▸ Record excerpts
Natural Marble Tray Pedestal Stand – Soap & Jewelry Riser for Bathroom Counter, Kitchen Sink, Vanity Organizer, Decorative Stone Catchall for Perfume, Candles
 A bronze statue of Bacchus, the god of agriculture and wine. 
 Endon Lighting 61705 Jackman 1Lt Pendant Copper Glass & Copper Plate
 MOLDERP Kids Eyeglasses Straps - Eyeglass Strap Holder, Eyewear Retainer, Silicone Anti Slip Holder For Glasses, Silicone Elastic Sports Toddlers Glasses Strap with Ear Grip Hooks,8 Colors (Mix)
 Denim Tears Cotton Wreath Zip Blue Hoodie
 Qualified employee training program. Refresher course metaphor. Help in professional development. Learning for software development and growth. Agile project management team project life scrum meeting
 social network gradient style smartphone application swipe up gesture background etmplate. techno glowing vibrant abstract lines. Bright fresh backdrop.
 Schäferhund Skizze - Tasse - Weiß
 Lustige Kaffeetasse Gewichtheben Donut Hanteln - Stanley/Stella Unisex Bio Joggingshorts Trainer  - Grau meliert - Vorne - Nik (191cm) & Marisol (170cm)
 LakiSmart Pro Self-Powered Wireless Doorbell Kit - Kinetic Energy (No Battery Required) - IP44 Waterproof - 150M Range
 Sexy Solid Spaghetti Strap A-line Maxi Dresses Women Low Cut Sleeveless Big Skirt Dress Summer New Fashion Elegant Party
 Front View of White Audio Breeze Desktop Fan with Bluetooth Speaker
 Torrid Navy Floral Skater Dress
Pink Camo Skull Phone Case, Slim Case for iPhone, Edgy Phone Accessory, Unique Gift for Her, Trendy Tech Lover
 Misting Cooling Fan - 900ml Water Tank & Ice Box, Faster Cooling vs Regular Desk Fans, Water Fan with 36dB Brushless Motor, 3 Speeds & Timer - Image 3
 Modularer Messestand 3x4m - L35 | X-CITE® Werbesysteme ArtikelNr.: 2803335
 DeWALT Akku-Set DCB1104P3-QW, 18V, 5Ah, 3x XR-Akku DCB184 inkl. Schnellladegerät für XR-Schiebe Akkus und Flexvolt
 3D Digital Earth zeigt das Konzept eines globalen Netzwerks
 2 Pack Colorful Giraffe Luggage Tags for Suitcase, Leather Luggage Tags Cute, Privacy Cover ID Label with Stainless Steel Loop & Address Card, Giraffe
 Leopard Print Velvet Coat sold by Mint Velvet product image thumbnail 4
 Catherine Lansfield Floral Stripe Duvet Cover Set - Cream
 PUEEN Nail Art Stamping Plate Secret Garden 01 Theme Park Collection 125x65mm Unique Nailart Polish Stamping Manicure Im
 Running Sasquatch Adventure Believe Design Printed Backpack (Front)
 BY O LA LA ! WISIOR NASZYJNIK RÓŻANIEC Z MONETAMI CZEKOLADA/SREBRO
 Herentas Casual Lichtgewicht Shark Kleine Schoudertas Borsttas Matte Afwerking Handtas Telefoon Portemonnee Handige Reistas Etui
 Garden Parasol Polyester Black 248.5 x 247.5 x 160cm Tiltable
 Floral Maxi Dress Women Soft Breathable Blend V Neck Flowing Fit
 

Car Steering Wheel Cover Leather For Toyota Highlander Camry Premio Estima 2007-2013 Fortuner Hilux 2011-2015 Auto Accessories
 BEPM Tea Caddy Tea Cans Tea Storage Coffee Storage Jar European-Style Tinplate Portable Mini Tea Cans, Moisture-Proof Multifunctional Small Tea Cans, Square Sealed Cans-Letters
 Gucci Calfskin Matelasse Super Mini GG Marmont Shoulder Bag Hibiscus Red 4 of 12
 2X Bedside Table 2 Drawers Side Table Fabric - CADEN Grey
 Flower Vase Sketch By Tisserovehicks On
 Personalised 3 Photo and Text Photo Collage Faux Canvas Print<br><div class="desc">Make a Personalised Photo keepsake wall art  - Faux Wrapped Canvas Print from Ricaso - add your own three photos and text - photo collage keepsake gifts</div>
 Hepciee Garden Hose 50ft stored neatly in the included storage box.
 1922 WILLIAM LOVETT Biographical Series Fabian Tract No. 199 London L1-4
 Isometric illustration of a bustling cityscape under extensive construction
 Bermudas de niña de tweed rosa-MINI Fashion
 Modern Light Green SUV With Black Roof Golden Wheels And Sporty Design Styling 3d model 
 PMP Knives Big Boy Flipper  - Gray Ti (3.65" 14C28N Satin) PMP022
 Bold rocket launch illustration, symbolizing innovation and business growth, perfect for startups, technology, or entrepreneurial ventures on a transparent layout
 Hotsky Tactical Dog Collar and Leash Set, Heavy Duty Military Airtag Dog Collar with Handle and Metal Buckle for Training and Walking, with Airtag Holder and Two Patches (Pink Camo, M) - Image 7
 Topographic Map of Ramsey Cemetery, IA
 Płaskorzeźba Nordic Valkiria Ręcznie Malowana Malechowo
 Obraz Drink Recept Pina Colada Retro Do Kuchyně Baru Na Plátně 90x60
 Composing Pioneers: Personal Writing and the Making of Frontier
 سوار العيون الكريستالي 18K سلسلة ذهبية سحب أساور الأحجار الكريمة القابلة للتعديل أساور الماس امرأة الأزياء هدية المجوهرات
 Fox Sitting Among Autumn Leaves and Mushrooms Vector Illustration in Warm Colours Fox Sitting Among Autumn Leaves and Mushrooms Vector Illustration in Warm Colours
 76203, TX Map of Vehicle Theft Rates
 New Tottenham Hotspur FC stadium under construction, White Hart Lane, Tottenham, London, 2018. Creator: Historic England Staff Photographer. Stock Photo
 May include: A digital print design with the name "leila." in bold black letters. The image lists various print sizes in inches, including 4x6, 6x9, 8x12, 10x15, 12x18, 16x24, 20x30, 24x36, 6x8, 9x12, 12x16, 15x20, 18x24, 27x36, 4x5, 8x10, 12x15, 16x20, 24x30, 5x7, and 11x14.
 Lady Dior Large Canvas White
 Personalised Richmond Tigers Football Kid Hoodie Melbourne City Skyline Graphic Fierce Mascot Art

▸ What you need to do
Set down exactly the lines from the opening line of the material through the line in which "Endon Lighting 61705" occurs, both included, and no other lines.

▸ Result for this exercise
Natural Marble Tray Pedestal Stand – Soap & Jewelry Riser for Bathroom Counter, Kitchen Sink, Vanity Organizer, Decorative Stone Catchall for Perfume, Candles
 A bronze statue of Bacchus, the god of agriculture and wine. 
 Endon Lighting 61705 Jackman 1Lt Pendant Copper Glass & Copper Plate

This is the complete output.